Coffee (Another full point.  Coffee comes in pods in our household, and said pods reside in a neat little storage drawer under the Keurig.  So, yeah.)

Eggs (I award myself a half point.  I refrigerate them generally, but when I am doing a day of baking, I take them out ahead of time, to get to room temperature, and then I leave them out until I'm done.) 

Butter (See "Eggs," above.  Another half point.)

Condiments (Meh, I'll continue to refrigerate my ketchup and mustard out of force of habit - but I will be less squeamish about using the ones at the diner.)

Salad dressings (Eww.  Just, eww.)

Soy sauce (Not an issue.  I stopped buying soy sauce when the little packets from Asian takeout started to pile up.  Now I just keep a certain number of those on hand, for those rare occasions when something calls for soy.)

I am torn as to whether to share this list with Spouse.  On the one hand, he thinks that I waste perfectly good food because of spoilage concerns, so he might be happy to know that I am actually, sort of, progressive in a number of areas.  On the other hand, he may view the list as a license to continue to purchase watermelons and store them on our porch - which I think is just totally weird and unnecessary.
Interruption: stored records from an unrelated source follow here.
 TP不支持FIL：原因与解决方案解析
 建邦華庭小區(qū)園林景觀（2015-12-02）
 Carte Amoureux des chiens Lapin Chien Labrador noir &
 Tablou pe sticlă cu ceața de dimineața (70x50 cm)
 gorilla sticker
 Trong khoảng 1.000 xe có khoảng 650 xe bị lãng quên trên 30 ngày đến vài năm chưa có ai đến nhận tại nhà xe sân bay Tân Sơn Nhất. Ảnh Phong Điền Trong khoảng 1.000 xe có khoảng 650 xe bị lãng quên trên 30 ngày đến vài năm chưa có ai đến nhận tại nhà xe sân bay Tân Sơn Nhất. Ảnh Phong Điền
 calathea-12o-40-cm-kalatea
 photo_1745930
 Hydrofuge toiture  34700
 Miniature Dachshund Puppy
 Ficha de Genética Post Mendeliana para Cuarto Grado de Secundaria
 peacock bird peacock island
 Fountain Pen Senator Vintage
Today's strange Subway encounter (a story in two parts):

1.  The woman in front of me ordered a chopped salad (which looked good, by the way, and I was intrigued by the cutting-edge methodology that the "sandwich artist" used to chop the veggies), and the guy who checked her out (an assistant manager, I believe) asked her if she wanted chips with her salad.  Is this a thing?  I have never - NOT ONCE - gone into a restaurant and ordered a side of fries to go with my salad.  Burger and fries?  Yes.  Salad and a side veggie?  Yes.  Burger and side veggie?  Yes.  Salad and fries?  NO.
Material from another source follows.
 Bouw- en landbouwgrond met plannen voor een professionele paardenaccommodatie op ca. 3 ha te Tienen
Yeah, yeah, I know that fries are technically a "side veggie."  I'm talking creamed spinach or squash casserole here.

2.  When I informed the same assistant manager that I was having the "Fresh Value Meal," he asked me what kind of sub I was having.  For those who aren't familiar (and I would like to think that a Subway assistant manager should not be among you unfamiliar types), the Fresh Value Meal features a different type of sub every day, AND YOU HAVE TO PURCHASE THAT SUB TO GET THE MEAL DEAL.  So, since Monday is turkey/ham, saying that you are purchasing the Fresh Value Meal on a Monday IS TANTAMOUNT TO SAYING TURKEY/HAM WITHOUT ACTUALLY SAYING TURKEY/HAM.  I really fought the urge to explain this to him, and also point out the earlier weirdness of offering chips as a side to a salad.

My coworker said I should have answered him, "The Thursday one."


Yes, it was one of the "weird tomato fetish" coworkers.


I wish I thought faster on my feet when Subway personnel pose stupid questions.


Given the existence of the chopped salad on the Subway menu, do we still call them "sandwich artists"?  Is salad artistry an entirely different field than sandwich artistry, requiring you to go back to Subway school for dual certification?